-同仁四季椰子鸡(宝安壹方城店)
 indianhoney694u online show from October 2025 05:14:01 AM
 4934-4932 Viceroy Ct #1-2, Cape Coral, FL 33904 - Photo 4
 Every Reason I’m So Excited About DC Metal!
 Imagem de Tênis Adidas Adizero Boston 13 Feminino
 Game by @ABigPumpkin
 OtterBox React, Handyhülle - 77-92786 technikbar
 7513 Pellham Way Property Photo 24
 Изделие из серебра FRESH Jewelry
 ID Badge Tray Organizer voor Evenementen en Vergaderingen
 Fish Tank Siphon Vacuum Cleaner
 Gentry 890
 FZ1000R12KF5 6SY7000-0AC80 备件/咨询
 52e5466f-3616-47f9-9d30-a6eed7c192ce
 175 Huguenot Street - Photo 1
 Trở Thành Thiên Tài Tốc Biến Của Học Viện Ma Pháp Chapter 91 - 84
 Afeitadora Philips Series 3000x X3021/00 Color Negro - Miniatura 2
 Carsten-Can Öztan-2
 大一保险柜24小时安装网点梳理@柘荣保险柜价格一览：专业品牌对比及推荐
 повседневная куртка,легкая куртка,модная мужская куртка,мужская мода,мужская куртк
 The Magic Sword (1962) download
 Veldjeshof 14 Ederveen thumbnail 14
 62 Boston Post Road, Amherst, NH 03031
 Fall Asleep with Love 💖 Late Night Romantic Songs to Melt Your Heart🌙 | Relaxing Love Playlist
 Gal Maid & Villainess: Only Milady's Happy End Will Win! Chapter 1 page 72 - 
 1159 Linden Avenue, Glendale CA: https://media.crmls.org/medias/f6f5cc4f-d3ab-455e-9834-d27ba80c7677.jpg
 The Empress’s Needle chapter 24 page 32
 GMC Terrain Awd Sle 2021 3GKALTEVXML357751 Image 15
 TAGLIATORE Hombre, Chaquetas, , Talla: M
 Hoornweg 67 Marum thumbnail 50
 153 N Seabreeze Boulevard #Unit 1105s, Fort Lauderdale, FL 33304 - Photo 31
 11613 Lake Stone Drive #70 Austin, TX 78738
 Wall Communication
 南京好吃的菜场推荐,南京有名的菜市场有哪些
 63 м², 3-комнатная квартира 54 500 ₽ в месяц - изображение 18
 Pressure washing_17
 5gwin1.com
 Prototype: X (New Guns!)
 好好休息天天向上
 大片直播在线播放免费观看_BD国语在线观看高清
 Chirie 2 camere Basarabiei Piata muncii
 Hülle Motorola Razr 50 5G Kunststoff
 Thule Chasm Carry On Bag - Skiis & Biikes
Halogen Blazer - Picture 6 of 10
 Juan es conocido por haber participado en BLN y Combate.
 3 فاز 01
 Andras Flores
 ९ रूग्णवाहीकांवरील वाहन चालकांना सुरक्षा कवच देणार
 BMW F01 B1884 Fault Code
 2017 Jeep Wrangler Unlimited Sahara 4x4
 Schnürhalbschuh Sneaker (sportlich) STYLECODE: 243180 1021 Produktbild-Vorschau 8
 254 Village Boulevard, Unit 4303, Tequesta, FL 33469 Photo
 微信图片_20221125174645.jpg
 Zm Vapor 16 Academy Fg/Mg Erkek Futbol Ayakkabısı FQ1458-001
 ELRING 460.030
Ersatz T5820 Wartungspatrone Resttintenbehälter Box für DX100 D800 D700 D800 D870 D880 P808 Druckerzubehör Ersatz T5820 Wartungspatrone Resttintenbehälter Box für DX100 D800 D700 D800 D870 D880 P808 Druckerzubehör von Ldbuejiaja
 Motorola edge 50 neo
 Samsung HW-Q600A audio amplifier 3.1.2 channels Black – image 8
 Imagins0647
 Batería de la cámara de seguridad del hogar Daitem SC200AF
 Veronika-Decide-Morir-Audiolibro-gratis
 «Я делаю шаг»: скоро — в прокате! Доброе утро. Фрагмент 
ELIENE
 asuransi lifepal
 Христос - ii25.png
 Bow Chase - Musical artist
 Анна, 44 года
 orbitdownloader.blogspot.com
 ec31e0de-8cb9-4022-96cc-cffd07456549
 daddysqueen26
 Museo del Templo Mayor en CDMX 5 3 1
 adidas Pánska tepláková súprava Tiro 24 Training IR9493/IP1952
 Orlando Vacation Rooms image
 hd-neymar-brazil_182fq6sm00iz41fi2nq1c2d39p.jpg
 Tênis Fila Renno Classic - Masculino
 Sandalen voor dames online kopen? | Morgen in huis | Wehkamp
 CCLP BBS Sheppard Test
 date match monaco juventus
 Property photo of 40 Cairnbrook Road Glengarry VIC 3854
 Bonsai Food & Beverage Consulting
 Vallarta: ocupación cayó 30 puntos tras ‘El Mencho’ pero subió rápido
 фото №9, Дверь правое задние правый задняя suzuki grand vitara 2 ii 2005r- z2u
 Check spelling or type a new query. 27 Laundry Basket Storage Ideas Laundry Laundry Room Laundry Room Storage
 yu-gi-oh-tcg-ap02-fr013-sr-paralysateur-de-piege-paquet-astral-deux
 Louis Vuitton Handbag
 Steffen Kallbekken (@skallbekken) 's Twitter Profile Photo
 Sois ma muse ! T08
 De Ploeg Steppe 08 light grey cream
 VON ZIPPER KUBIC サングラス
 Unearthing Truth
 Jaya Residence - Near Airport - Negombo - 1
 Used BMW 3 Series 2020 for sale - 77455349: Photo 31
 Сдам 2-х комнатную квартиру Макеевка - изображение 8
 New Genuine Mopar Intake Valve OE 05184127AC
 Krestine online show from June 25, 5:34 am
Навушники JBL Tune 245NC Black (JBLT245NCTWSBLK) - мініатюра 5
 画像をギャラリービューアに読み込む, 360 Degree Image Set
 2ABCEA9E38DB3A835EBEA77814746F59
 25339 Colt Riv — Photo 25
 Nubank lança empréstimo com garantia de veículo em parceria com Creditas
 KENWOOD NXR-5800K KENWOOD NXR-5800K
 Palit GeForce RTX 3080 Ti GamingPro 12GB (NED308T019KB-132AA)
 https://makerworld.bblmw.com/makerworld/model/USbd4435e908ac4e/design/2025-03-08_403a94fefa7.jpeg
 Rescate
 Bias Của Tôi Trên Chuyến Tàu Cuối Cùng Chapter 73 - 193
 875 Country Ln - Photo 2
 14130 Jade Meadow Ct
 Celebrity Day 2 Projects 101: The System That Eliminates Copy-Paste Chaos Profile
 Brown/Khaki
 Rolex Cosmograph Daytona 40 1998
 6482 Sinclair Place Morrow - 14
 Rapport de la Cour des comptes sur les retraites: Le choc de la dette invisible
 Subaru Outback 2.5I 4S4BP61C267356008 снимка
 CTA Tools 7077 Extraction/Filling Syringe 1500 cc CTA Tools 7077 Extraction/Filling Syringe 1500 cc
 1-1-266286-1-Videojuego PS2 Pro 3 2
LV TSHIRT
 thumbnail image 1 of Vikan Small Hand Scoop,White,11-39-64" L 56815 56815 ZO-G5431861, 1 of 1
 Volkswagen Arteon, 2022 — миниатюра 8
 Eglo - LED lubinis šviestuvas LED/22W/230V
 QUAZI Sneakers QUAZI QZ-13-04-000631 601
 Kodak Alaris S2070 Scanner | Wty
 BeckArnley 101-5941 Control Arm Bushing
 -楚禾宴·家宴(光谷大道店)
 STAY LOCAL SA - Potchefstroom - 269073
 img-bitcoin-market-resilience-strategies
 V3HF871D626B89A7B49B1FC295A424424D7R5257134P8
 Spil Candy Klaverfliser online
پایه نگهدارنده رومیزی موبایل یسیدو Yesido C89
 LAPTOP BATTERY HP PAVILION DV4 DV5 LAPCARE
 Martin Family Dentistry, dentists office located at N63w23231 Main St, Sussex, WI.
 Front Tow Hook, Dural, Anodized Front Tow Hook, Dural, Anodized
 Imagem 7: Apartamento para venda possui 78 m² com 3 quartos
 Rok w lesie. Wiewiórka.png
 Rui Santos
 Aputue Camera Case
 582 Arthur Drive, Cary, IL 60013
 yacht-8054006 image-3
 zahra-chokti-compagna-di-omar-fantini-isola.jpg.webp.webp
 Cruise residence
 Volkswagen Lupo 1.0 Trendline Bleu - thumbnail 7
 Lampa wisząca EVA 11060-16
═══
Exercise description: Beginning with the line that contains "Volkswagen Arteon, 2022 — миниатюра 8", each line of the records above through the last one must be printed word for word.

Written answer:
 Volkswagen Arteon, 2022 — миниатюра 8
 Eglo - LED lubinis šviestuvas LED/22W/230V
 QUAZI Sneakers QUAZI QZ-13-04-000631 601
 Kodak Alaris S2070 Scanner | Wty
 BeckArnley 101-5941 Control Arm Bushing
 -楚禾宴·家宴(光谷大道店)
 STAY LOCAL SA - Potchefstroom - 269073
 img-bitcoin-market-resilience-strategies
 V3HF871D626B89A7B49B1FC295A424424D7R5257134P8
 Spil Candy Klaverfliser online
پایه نگهدارنده رومیزی موبایل یسیدو Yesido C89
 LAPTOP BATTERY HP PAVILION DV4 DV5 LAPCARE
 Martin Family Dentistry, dentists office located at N63w23231 Main St, Sussex, WI.
 Front Tow Hook, Dural, Anodized Front Tow Hook, Dural, Anodized
 Imagem 7: Apartamento para venda possui 78 m² com 3 quartos
 Rok w lesie. Wiewiórka.png
 Rui Santos
 Aputue Camera Case
 582 Arthur Drive, Cary, IL 60013
 yacht-8054006 image-3
 zahra-chokti-compagna-di-omar-fantini-isola.jpg.webp.webp
 Cruise residence
 Volkswagen Lupo 1.0 Trendline Bleu - thumbnail 7
 Lampa wisząca EVA 11060-16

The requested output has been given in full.